■ **Problem description**: Below is a listing with pictures. Repeat exactly the lines starting at the one holding "Cute Petplay Bow Collar Puppy's Aesthetics" and going on through the one holding "Metallsteckregal 180 x", and leave every picture out.

■ **Provided entries**:
•••••
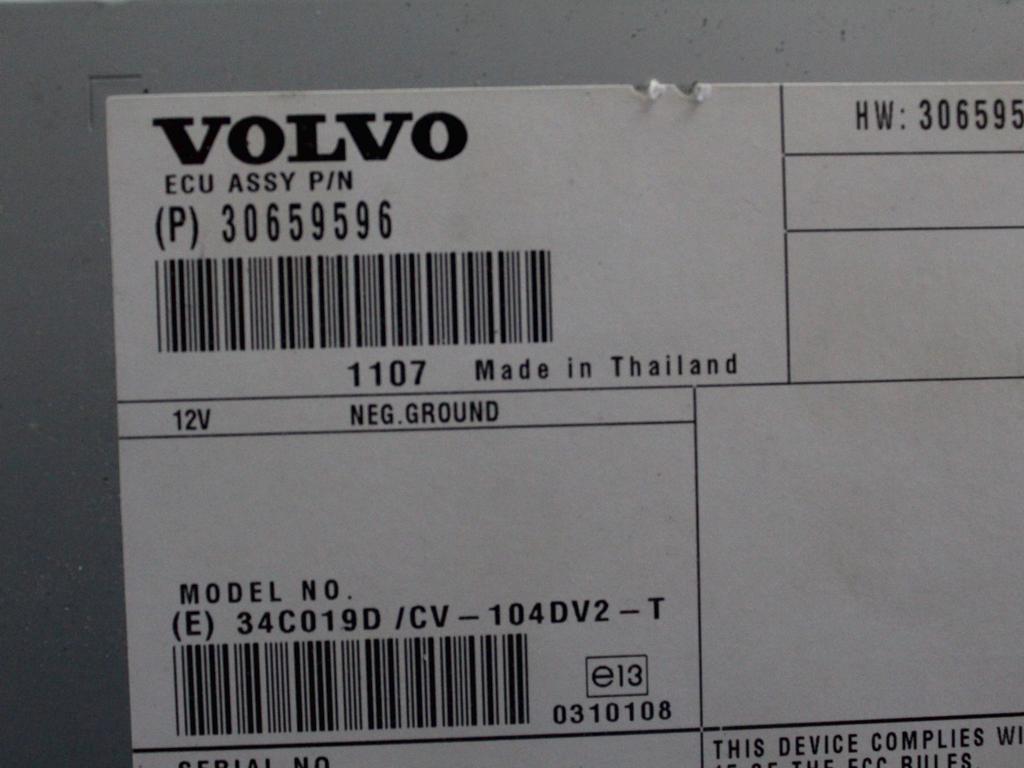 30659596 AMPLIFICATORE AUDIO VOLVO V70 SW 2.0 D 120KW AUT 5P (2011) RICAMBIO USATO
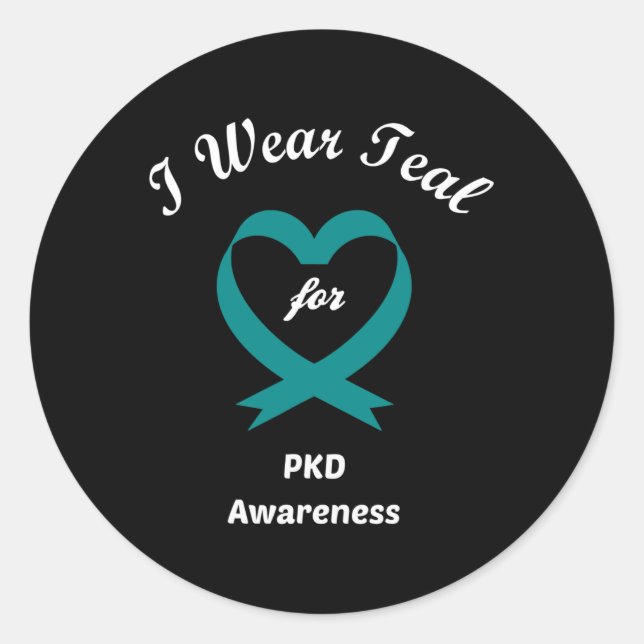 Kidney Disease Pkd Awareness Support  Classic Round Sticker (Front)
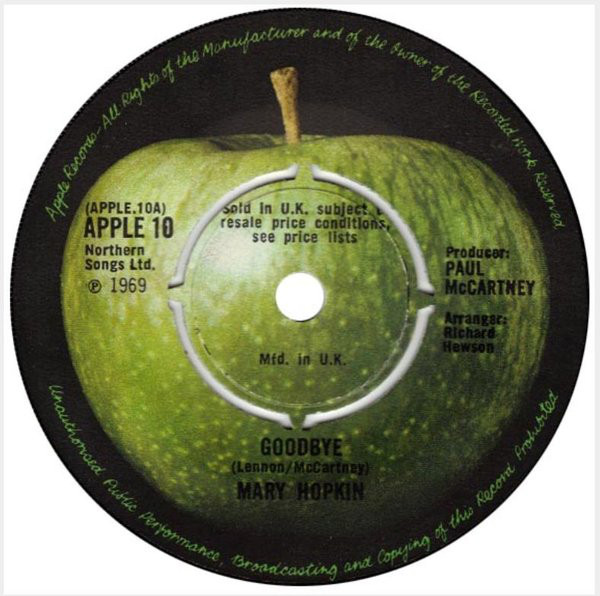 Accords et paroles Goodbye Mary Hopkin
•••••
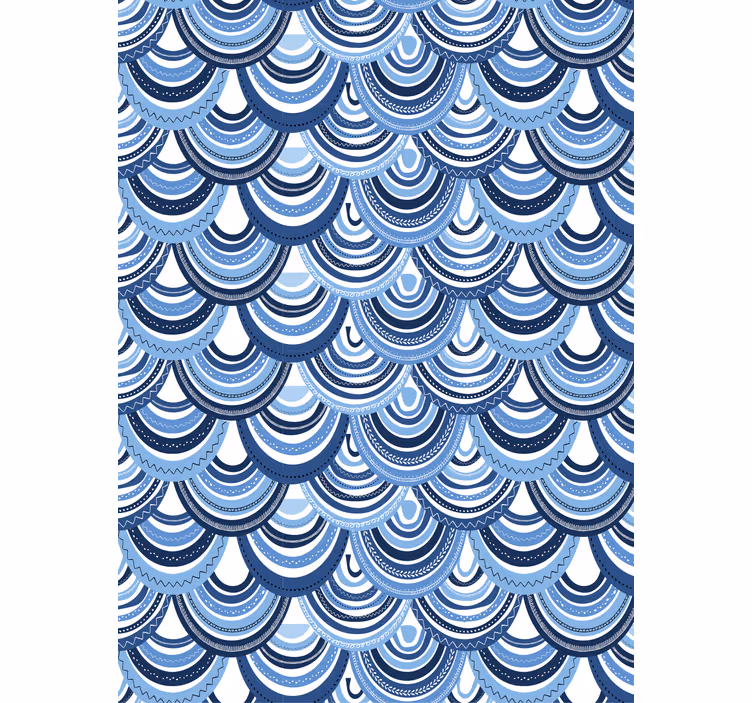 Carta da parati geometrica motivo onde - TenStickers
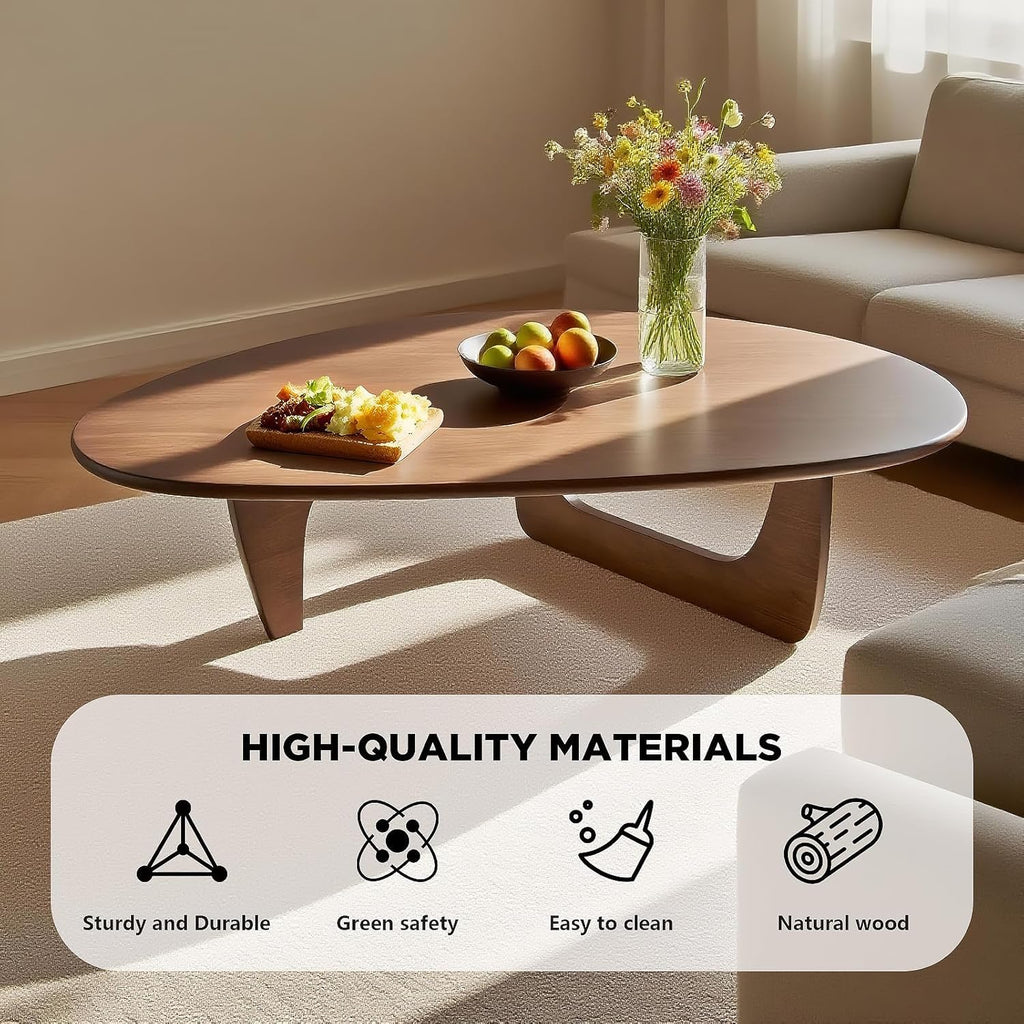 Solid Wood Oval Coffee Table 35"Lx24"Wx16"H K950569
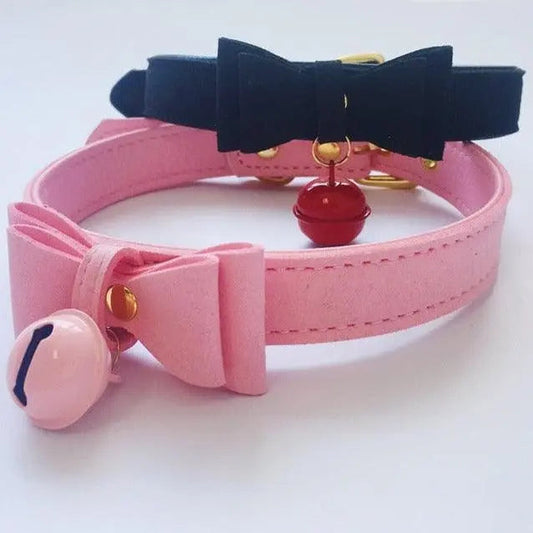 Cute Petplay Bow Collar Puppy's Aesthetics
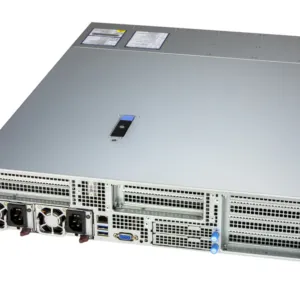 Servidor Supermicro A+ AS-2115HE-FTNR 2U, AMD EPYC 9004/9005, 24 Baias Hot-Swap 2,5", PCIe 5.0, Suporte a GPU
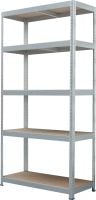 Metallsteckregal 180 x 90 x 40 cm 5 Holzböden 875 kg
•••••
■ **Exercise response**:
 Cute Petplay Bow Collar Puppy's Aesthetics
 Servidor Supermicro A+ AS-2115HE-FTNR 2U, AMD EPYC 9004/9005, 24 Baias Hot-Swap 2,5", PCIe 5.0, Suporte a GPU
 Metallsteckregal 180 x 90 x 40 cm 5 Holzböden 875 kg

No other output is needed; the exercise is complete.